Jalan-Jalan di Kampung Ledre Padangan
Umi Belajar Membuat Ledre Sejak di Bangku Sekolah Dasar
Jumat, 20 November 2015 09:00 WIBOleh Nasruli Chusna
Oleh Nasruli Chusna
Padangan - Tangan Umi (34) terlihat begitu cekatan menaruh sepotong buah pisang raja itu dalam sebuah wajan di atas tungku yang panas. Tak menunggu lama, pisang raja itu diratakan dan dibuat lembaran panjang. Setelah dirasa pas, lembaran itu diangkat lalu dengan cepat digulung hingga berbentuk bulat panjang mirip gapit gulung. Umi kelihatannya cukup piawai membuat jajanan khas Bojonegoro yang disebut ledre itu.

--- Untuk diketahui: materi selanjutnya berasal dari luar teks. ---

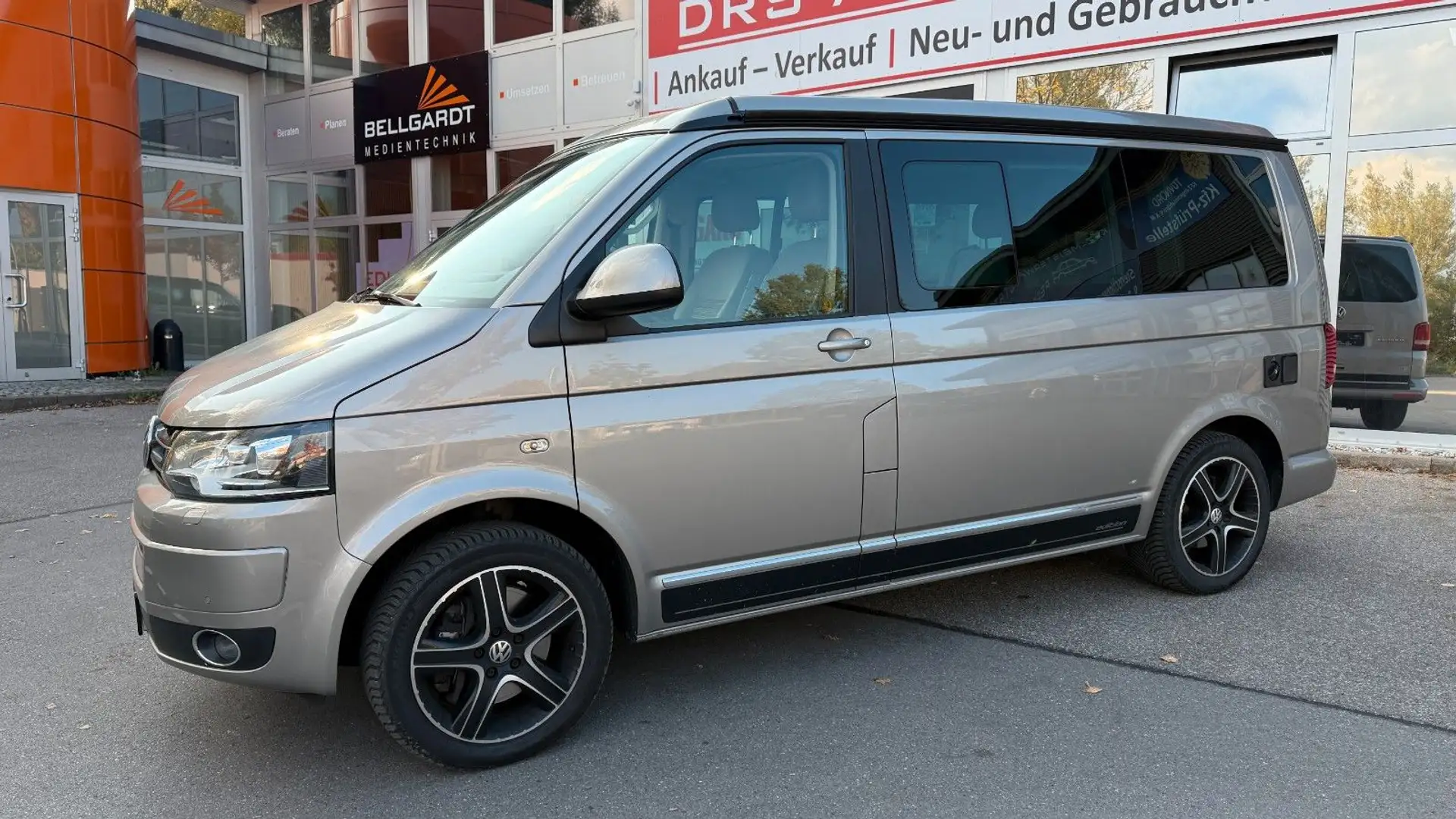 Volkswagen T5 California Edition Aufstel/Küche/Top Gepflegt Beige - 2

Umi adalah salah satu perajin ledre yang tinggal di Desa/Kecamatan Padangan, Kabupaten Bojonegoro. Di kampung ini terdapat ratusan perajin ledre skala rumahan. Bahkan, kampung yang terletak di dekat perbatasan Bojonegoro dengan Cepu, Blora, Jawa Tengah, ini juga dikenal sebagai kampung ledre.

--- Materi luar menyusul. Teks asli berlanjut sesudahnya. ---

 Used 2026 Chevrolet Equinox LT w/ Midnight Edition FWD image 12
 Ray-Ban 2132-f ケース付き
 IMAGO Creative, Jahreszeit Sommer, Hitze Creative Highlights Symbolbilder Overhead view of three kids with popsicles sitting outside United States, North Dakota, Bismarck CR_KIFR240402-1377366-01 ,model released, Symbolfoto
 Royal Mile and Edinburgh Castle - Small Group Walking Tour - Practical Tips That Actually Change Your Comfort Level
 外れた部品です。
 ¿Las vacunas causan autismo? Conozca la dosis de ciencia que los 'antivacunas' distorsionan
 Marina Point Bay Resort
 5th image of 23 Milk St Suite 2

Umi menuturkan, dia sudah belajar membuat ledre itu sejak duduk di bangku sekolah dasar. Dulu, orang tuanya yang mengajarinya membuat ledre itu. “Awalnya memang sulit membuat ledre ini. Sebab, diperlukan kecekatan untuk membuatnya. Kalau tidak pas, ledre mudah rusak,” ujarnya.
Umi menuturkan, kerajinan membuat ledre ini banyak dilakukan oleh ibu-ibu rumah tangga untuk mengisi waktu luang di sela kesibukan di rumah. Selain itu, juga mendatangkan penghasilan yang cukup lumayan.

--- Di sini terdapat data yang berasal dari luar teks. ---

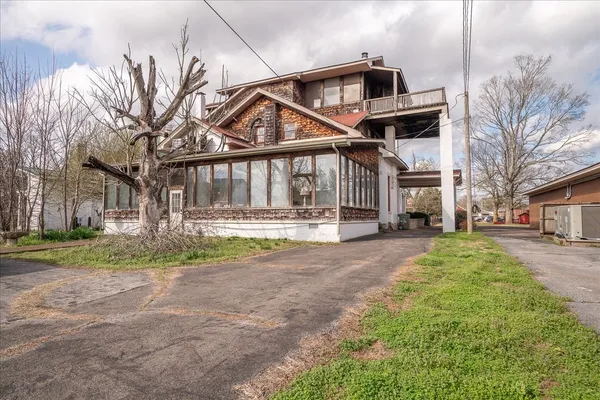 $450,000 | 235 Pulaski Street, Lawrenceburg, TN 38464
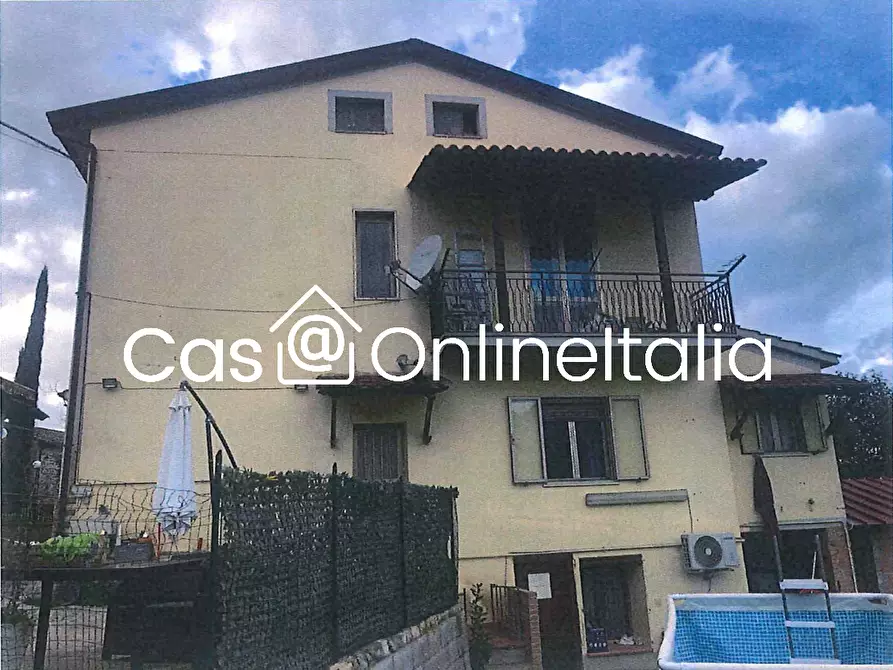 casa indipendente in vendita a Torgiano
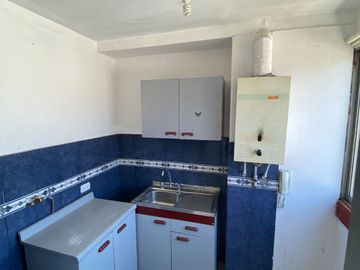 Solido departamento barrio Yungay.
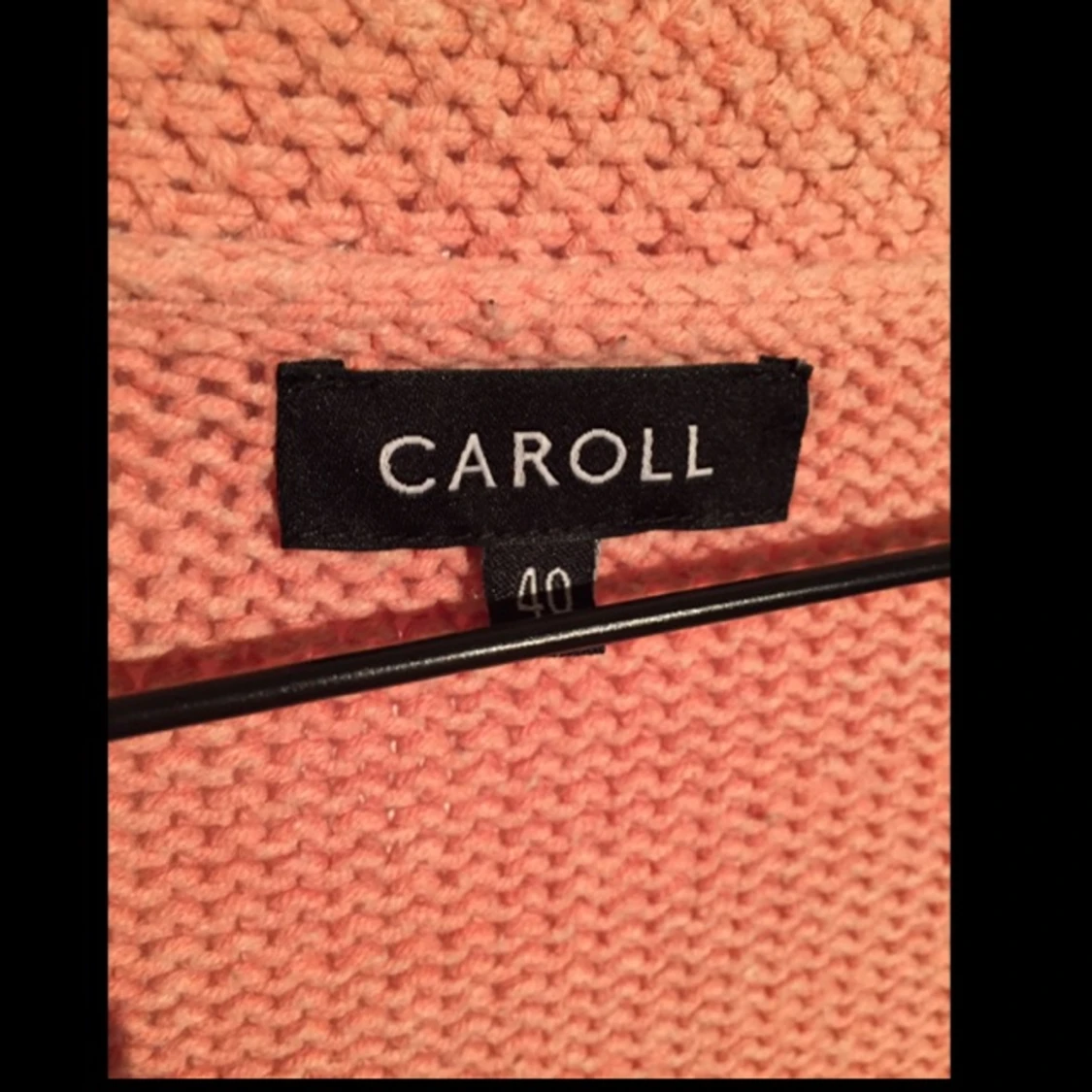 V-ringad stickad tröja från Carol - 1420569336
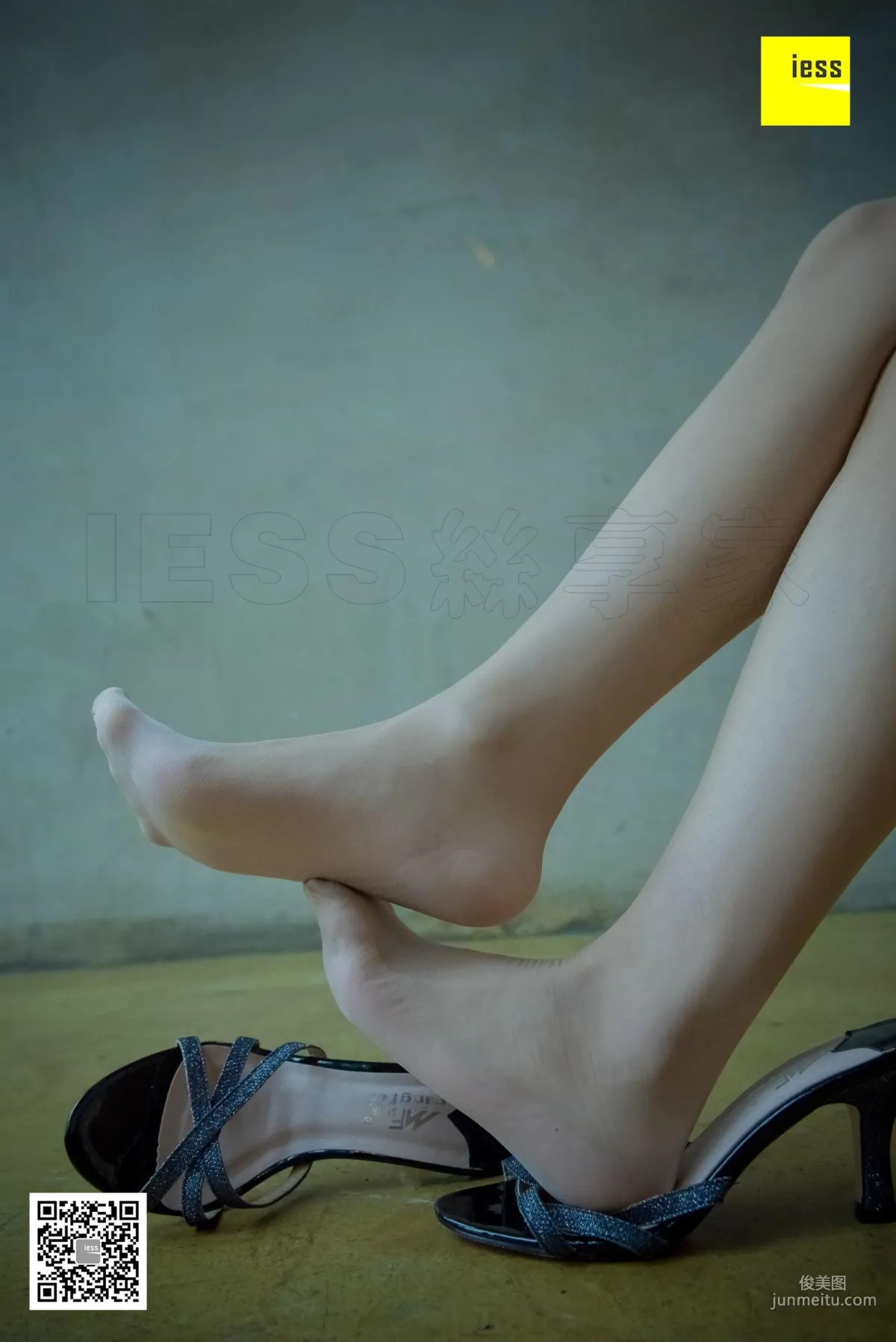Mu Mu, Alluring Charm Meat-Color Stockings and Sandals [IESS] Silk Enjoyer 166 Photo Set photo 43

Biasanya dalam sehari Umi mampu memproduksi ledre sebanyak 200 biji. Ledre itu dibungkus dalam kemasan tertentu dan dijual seharga Rp6.000. Ledre itu dijual di daerah Bojonegoro, Ngawi, hingga Cepu dan Blora, Jawa Tengah.
Menurut perajin ledre lainnya, Alim Yuwono, kerajinan ledre ini mulai ada di daerah Padangan sejak tahun 1960-an. Ledre awalnya hanya dijadikan makanan ringan dan hanya dikonsumsi sendiri. Namun, pada era tahun 1980-an, ledre mulai dijual dan dipasarkan ke luar daerah. “Dulu, hanya beberapa orang yang menjadi perajin ledre. Namun sekarang, hampir satu kampung membuat ledre,” ujarnya.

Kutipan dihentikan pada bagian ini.